Adam vs SGD + LR schedhules?


Dear all,

I just stumbled on some discussions and a paper today about that SGD yields better generalization result in comparison with adam/RMSProp etc and I was wondering what’s anyone’s opinion on that? What do you use? So far I’ve been using adam, and I’ve noticed that several times restarting it (even keeping LR fixed) improves performance. Usually I train models until convergence and then restart with decreasing LR. Has served me well so far.

To sum up: 1) Have you done the test? Adam vs SGD with momentum finely tuned (both)? 2) What is your prefereed LR scheduler? I’ll do some tests the following days and report results.

I found this discussion very interesting. See also this.



Hi @feevos,

When working on models for CIFAR-10 I found a similar effect to that suggested by the paper. I found the training loss with Adam was comparable to that of using SGD with momentum, but the validation/test loss was slightly higher.

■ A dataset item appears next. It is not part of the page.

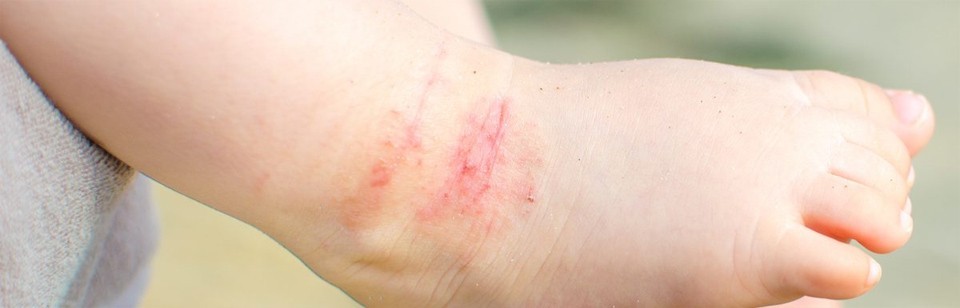 Dermatitis Atópica y Pañal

With regards to schedule I also reduced my learning rate in steps (once the learning curve appeared to level out), usually by a factor of 10. I found a warm up in learning rate (e.g. increase linearly across 5 epochs) helped quite a lot, especially for large batch sizes as suggested in this paper.

Recently I came across an interesting method where the learning rate is increased and decreased cyclically (see here, and I’m just in the process of trying it out! Will let you know the results.